Cindy Pomares, sociétaire de l’équipe britannique Awol O’Shea se livre sans détour dans sa chronique sur le cyclisme féminin. Elle nous plonge dans un inventaire détaillé du staff des équipes, jetant un véritable éclairage bien mérité sur ces hommes et femmes, qui dans l’ombre, contribuent à écrire la belle histoire du cyclisme féminin.
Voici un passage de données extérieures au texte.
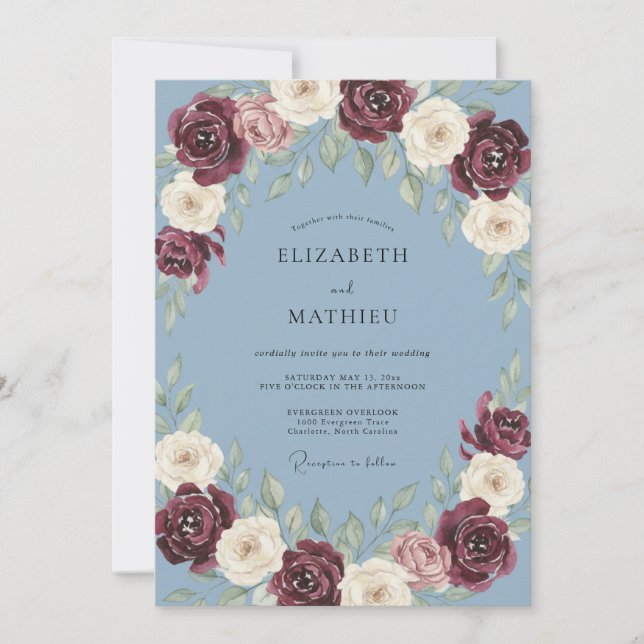 Burgundy Blush Floral Arc Wedding Invitation (Front)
Bienvenue dans ma chronique spécialisée sur le cyclisme féminin. Si vous êtes prêts, alors prenez un ticket, car aujourd’hui on parle du staff ! Cette 4eme chronique a mis un peu de temps à sortir du clavier. Le Tour de France 2023 haletant, spectaculaire et long de 4 semaines est passé par là. J’ai souhaité reprendre mes esprits avant de me plonger dans cet article sur un sujet qui me tient tout particulièrement à cœur.
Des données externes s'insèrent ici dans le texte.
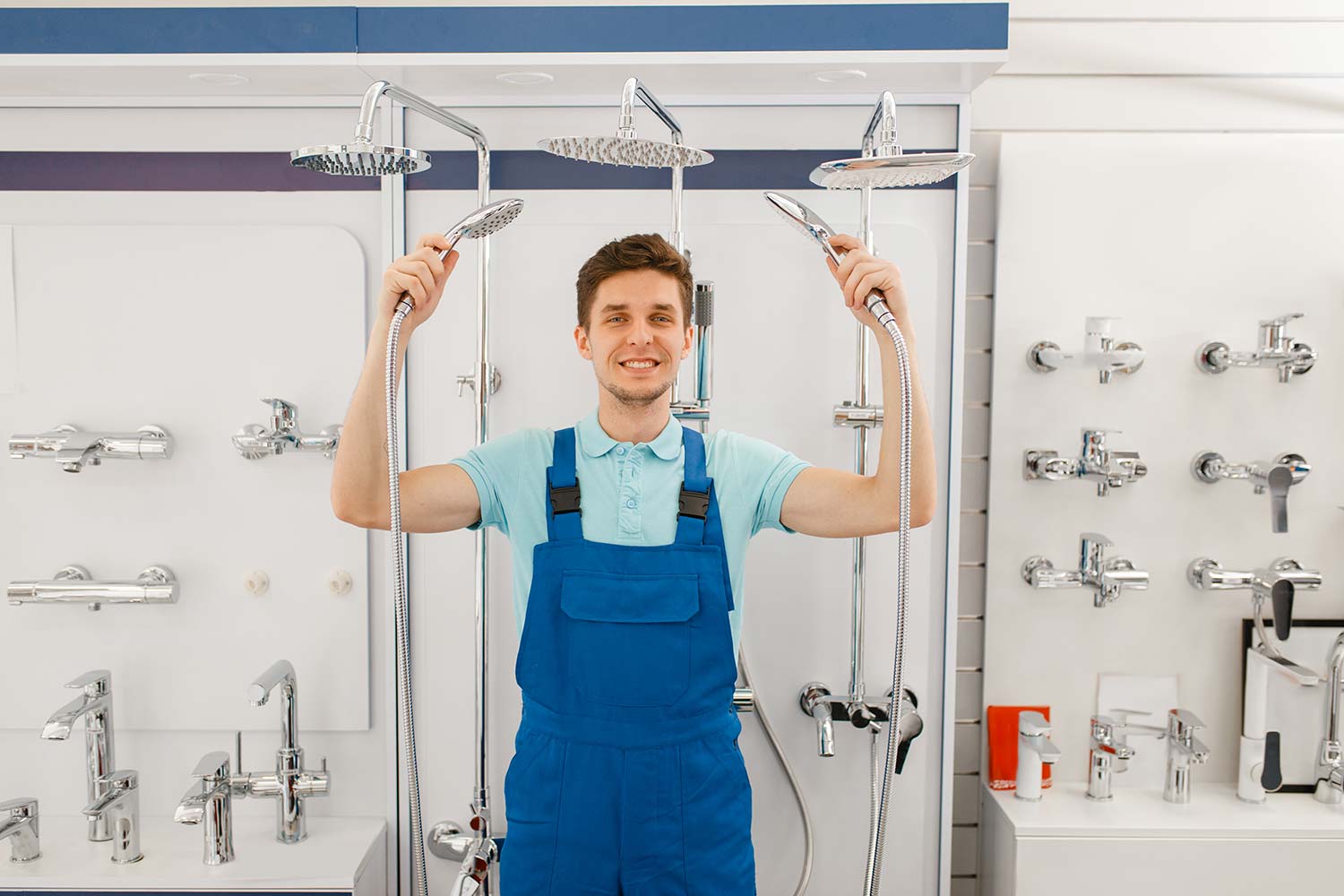 plumber choosing shower in plumbing store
Le Tour de France Féminin nous a offert un spectacle grandiose, mettant en lumière plusieurs facettes du cyclisme féminin. D’une part, la domination toujours aussi solide de l’équipe SD Works, qui règne en maître depuis le début de la saison et plus particulièrement « la grande révélation » de Lotte Kopecky, déjà connue pour sa puissance, mais qui a surpris beaucoup de monde en démontrant des talents de grimpeuse lors de l’étape du Tourmalet, après 6 jours en jaune.

D’autre part, une équipe Fenix Deceuninck qui s’est illustrée à la belge, en déployant une remarquable performance tant sur le plan offensif que tactique, obtenant ainsi une reconnaissance bien méritée (notamment Yara Kastelijn élue la plus combative du Tour). Nous avons également eu le plaisir de voir la réussite de la jeune et pétillante maillot blanc, Cédrine Kerbaol de Ceratizit-WNT Pro Cycling, pour le plus grand bonheur des passionnés et du clan français.
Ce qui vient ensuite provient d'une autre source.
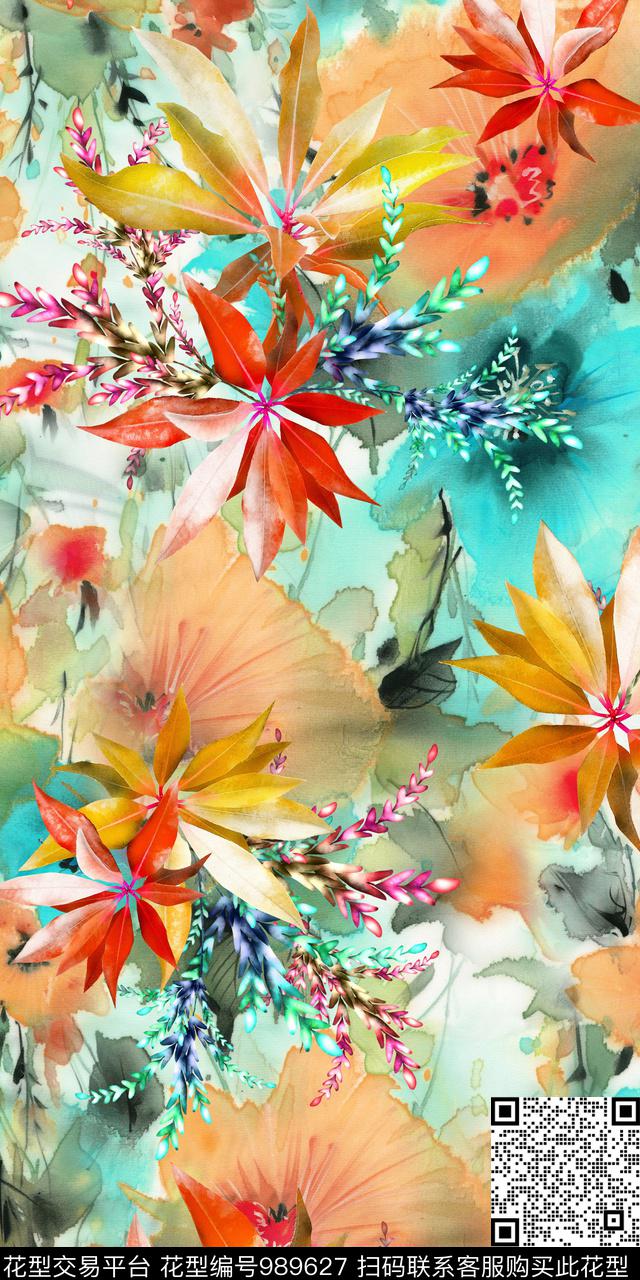 春夏华亿平台手绘花卉满版散花数码印花华亿平台下载（图片编号: 989627） - 瓦栏（Walan）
Demi Vollering gagne Tour de France Femmes 2023
Demi Vollering a remporté le Tour de France Femmes 2023 devant sa coéquipière Lotte Kopecky. Photo : Cor Vos

Les hommes et femmes de l’ombre

Mais derrière toutes ces performances, déceptions, victoires ou combats contre les hors délais, il y a des hommes et des femmes qui œuvrent dans l’ombre, gèrent, propulsent, encouragent et apportent leur expertise au développement du cyclisme féminin, en plein essor.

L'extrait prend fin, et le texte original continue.